§ **ACTION ITEM**:
Restate the data word for word and leave the images out.

§ **MATERIAL SUPPLIED**:
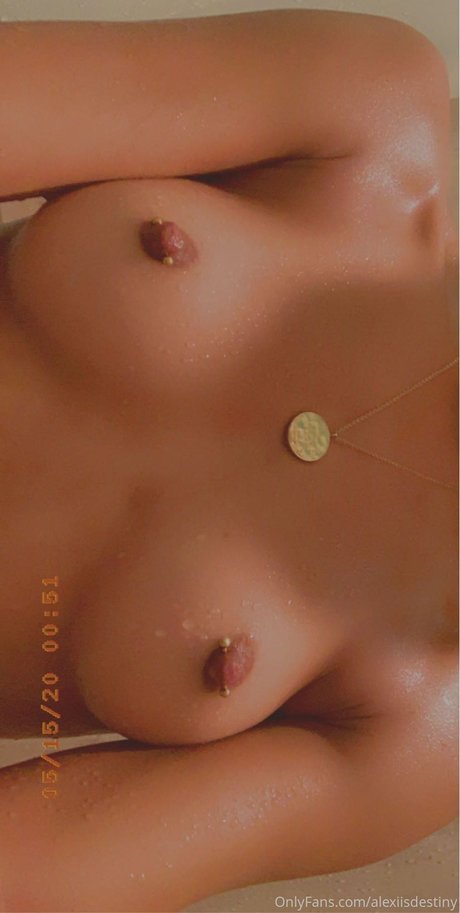 Eden West perfect actress gallery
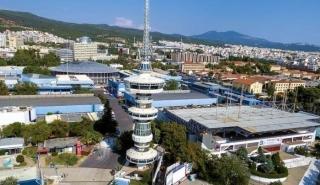 Ανάπλαση ΔΕΘ: Μέσω παραχώρησης 40 ετών και 300 εκατ. ευρώ – Αρχές 2025 ο διαγωνισμός, έρχονται «συμμαχίες»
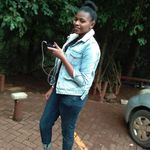 Profile Picture of Stacey_callicia (@stacey_callicia6) on Instagram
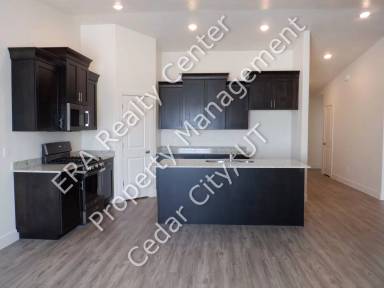 Main picture of 919 Ironwood Dr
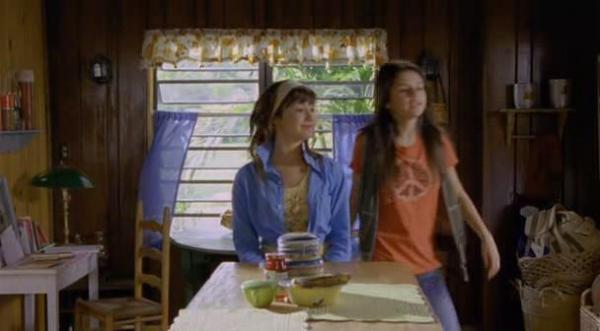 Princess_Protection_Program_1249562201_1_2009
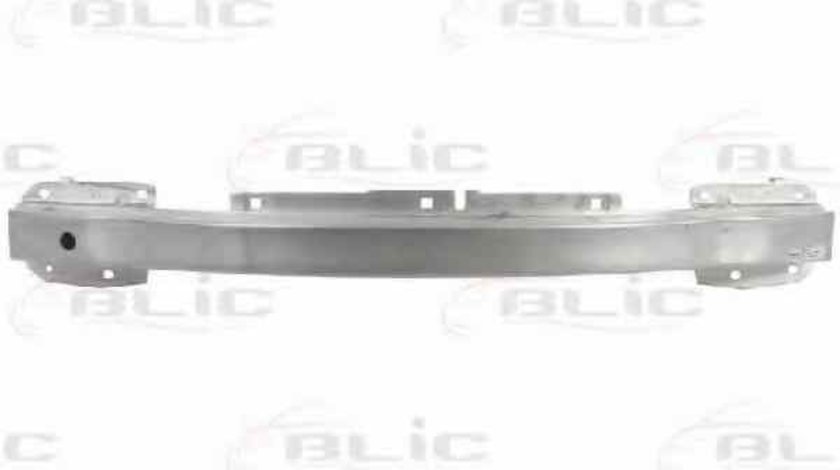 Armatura bara RENAULT LAGUNA III BT0/1 BLIC 5502-00-6056940P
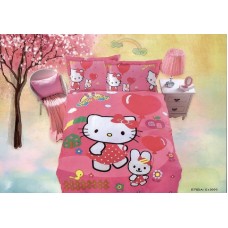 کالای خواب مدل 053-9009 کالای خواب مدل 053-9009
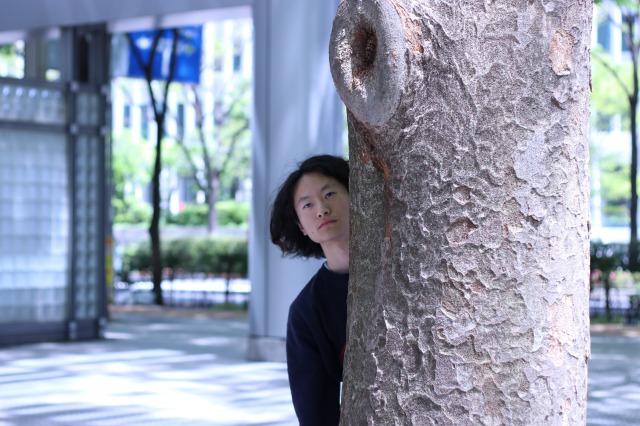 エンソクによく登場する「まっさん」って一体何者?【チームメンバー紹介】#きょうのエン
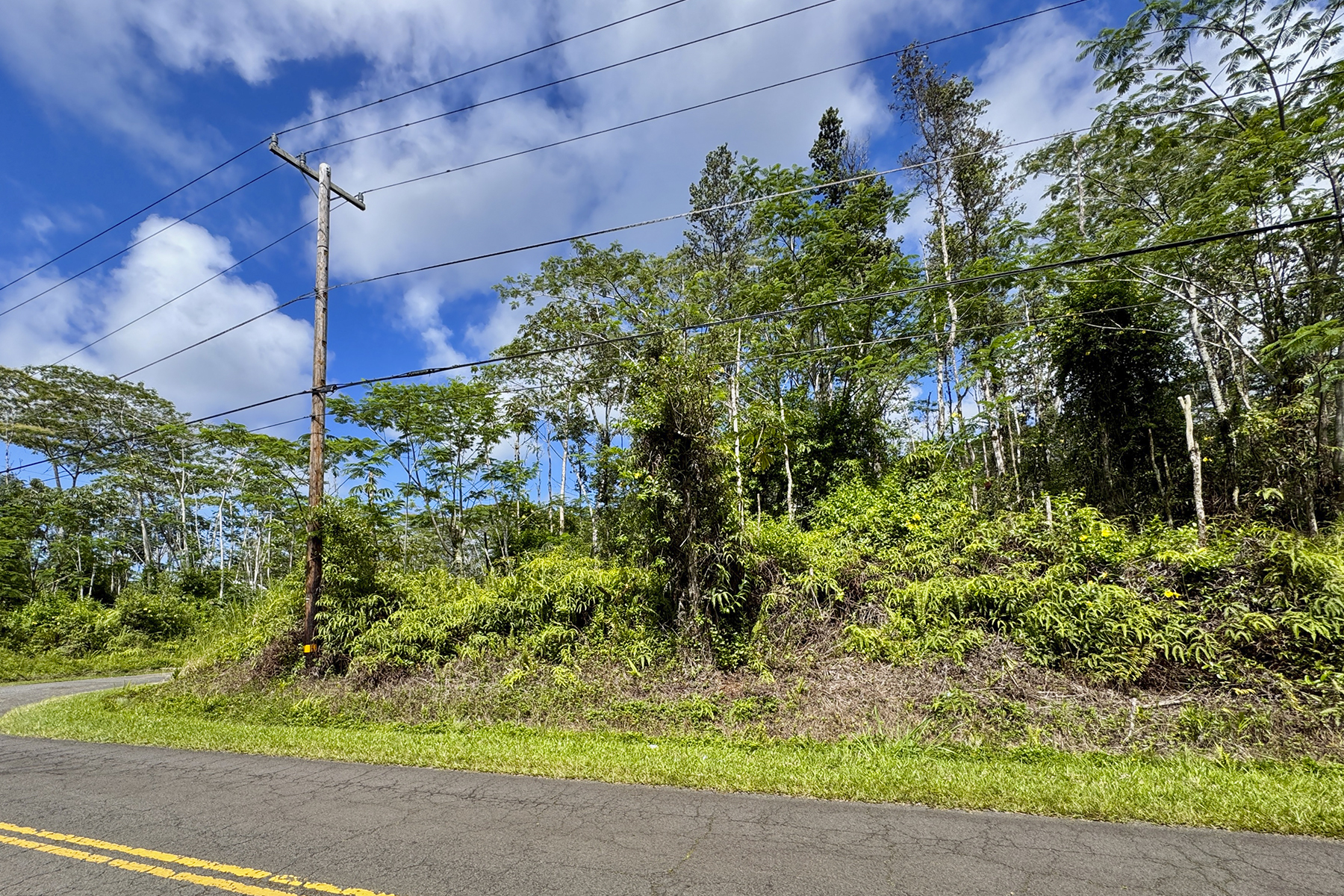 Hilo Rd Property Photo 3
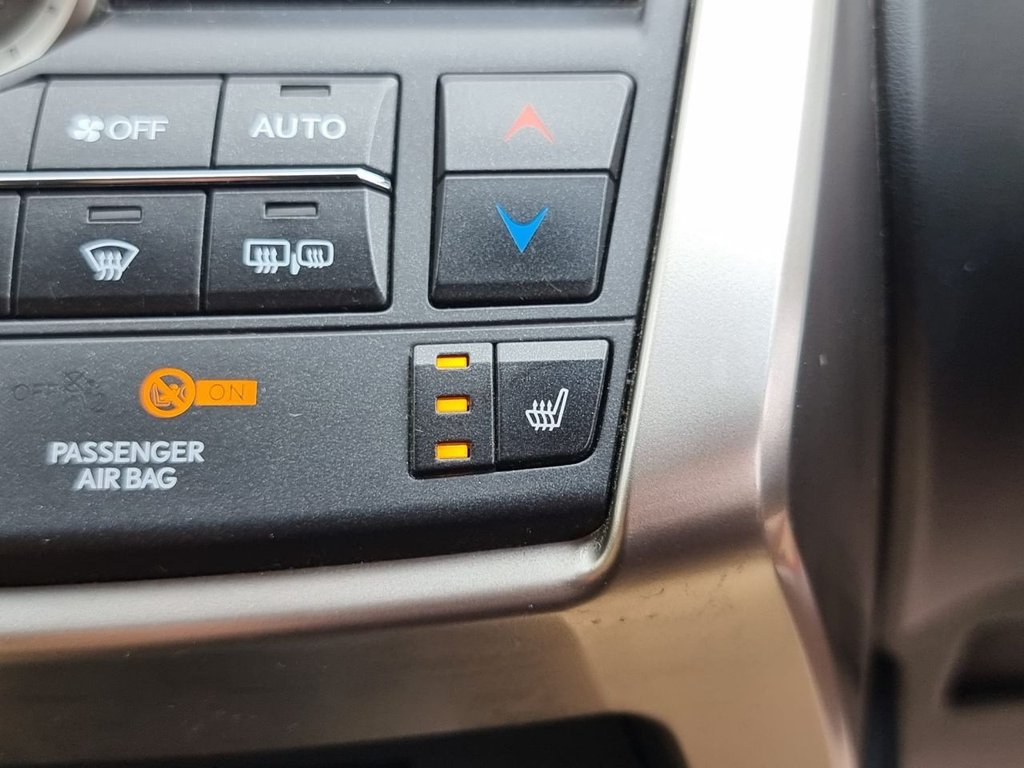 Lexus NX 300h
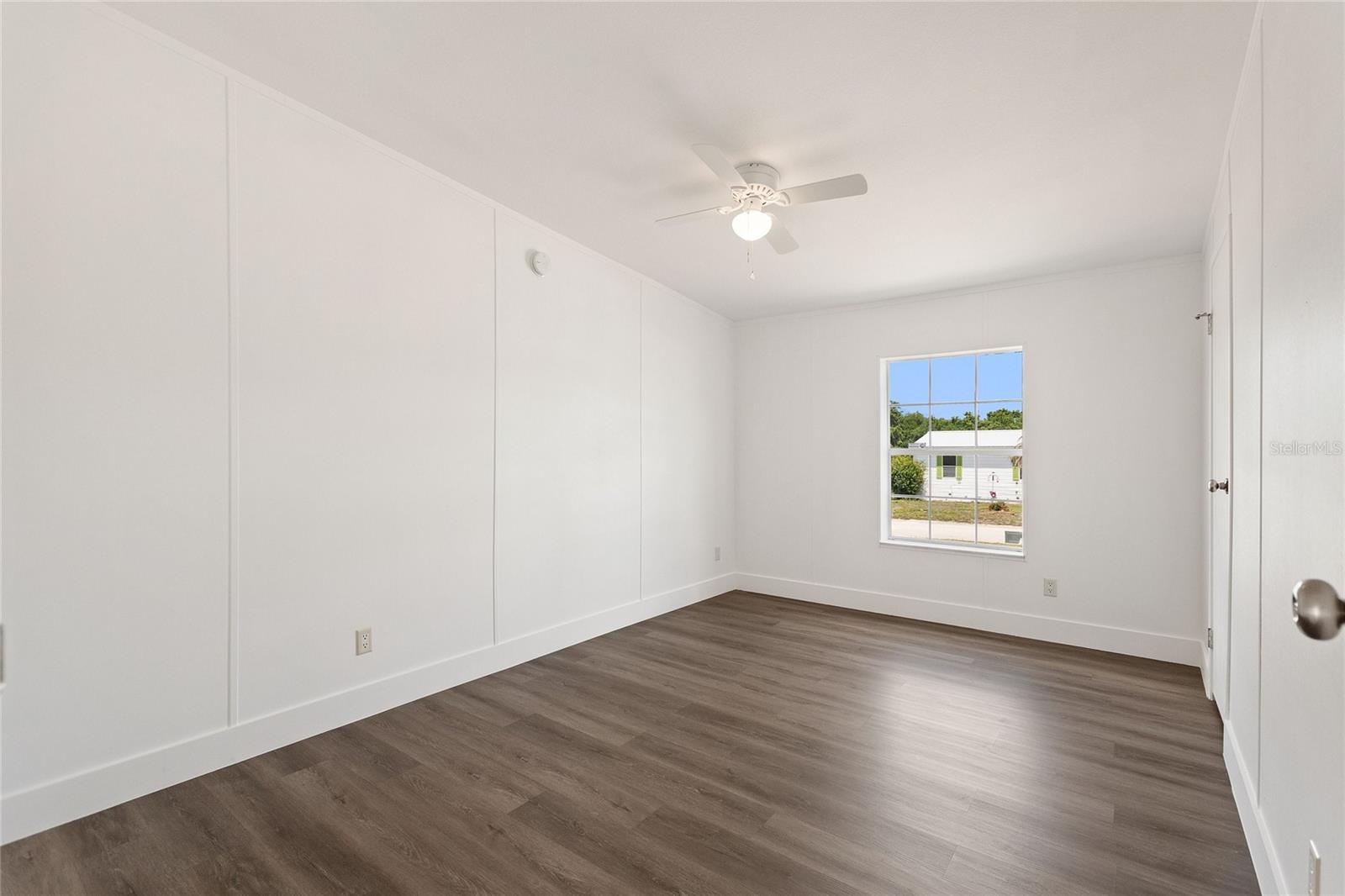 WILDER TRACE PH 01 - Residential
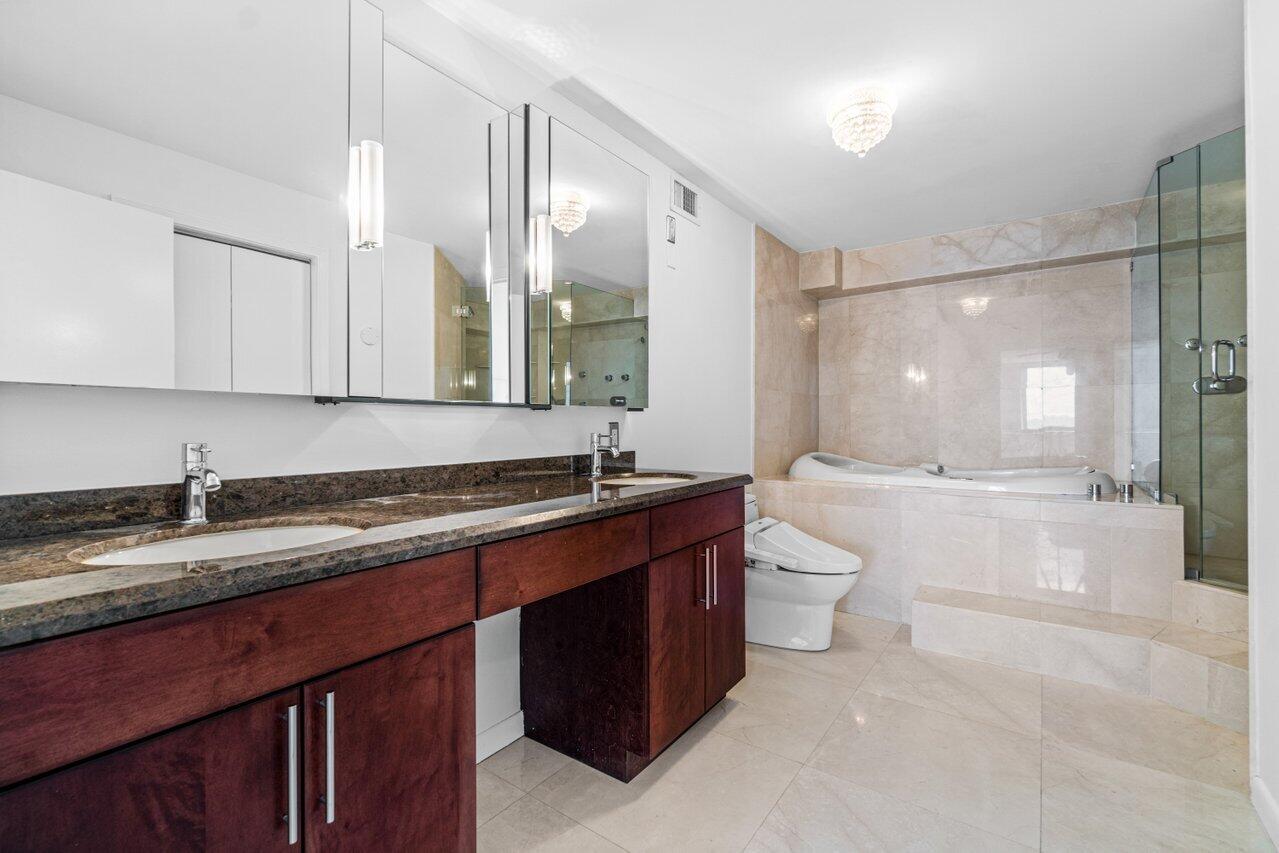 3912 S Ocean Boulevard Unit: Ph 10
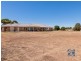 19 Schaefer St, Freeling SA 5372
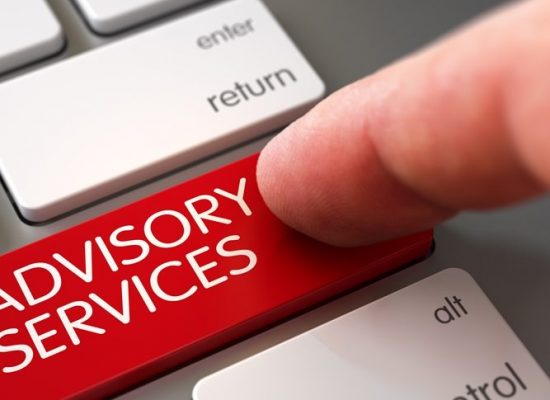 accounting-business-img-3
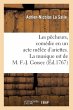 Les Pêcheurs, Comédie En Un Acte... - Bild 1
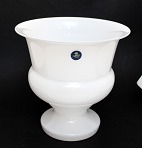 vare nr: 629752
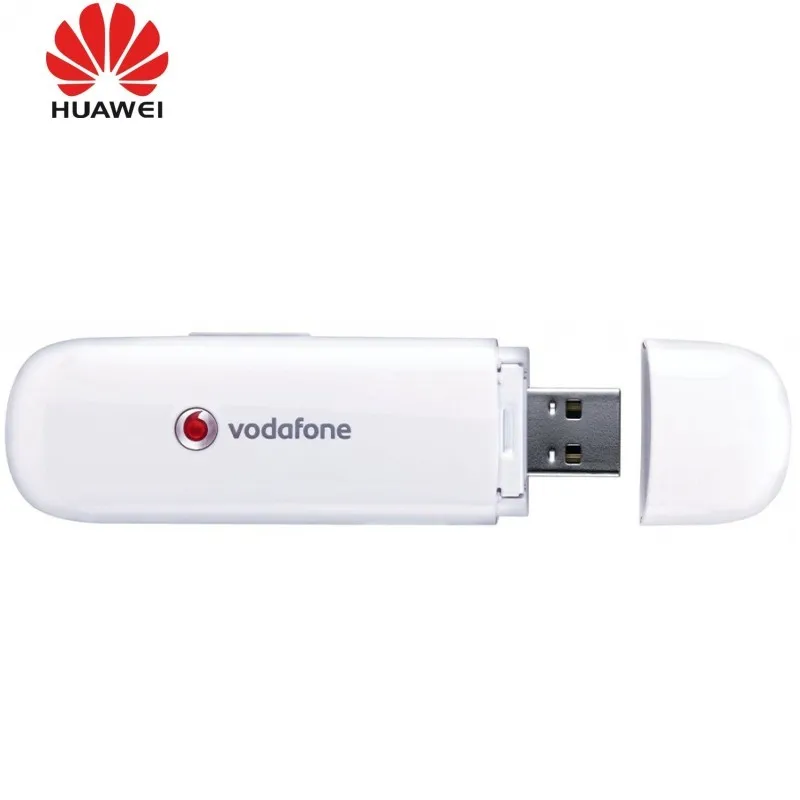 vodafone-usb-surfstick-k3765-weiss-usb-umts-stick_z1_conew2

§ **OUTPUT BELOW**:
 Eden West perfect actress gallery
 Ανάπλαση ΔΕΘ: Μέσω παραχώρησης 40 ετών και 300 εκατ. ευρώ – Αρχές 2025 ο διαγωνισμός, έρχονται «συμμαχίες»
 Profile Picture of Stacey_callicia (@stacey_callicia6) on Instagram
 Main picture of 919 Ironwood Dr
 Princess_Protection_Program_1249562201_1_2009
 Armatura bara RENAULT LAGUNA III BT0/1 BLIC 5502-00-6056940P
 کالای خواب مدل 053-9009 کالای خواب مدل 053-9009
 エンソクによく登場する「まっさん」って一体何者?【チームメンバー紹介】#きょうのエン
 Hilo Rd Property Photo 3
 Lexus NX 300h
 WILDER TRACE PH 01 - Residential
 3912 S Ocean Boulevard Unit: Ph 10
 19 Schaefer St, Freeling SA 5372
 accounting-business-img-3
 Les Pêcheurs, Comédie En Un Acte... - Bild 1
 vare nr: 629752
 vodafone-usb-surfstick-k3765-weiss-usb-umts-stick_z1_conew2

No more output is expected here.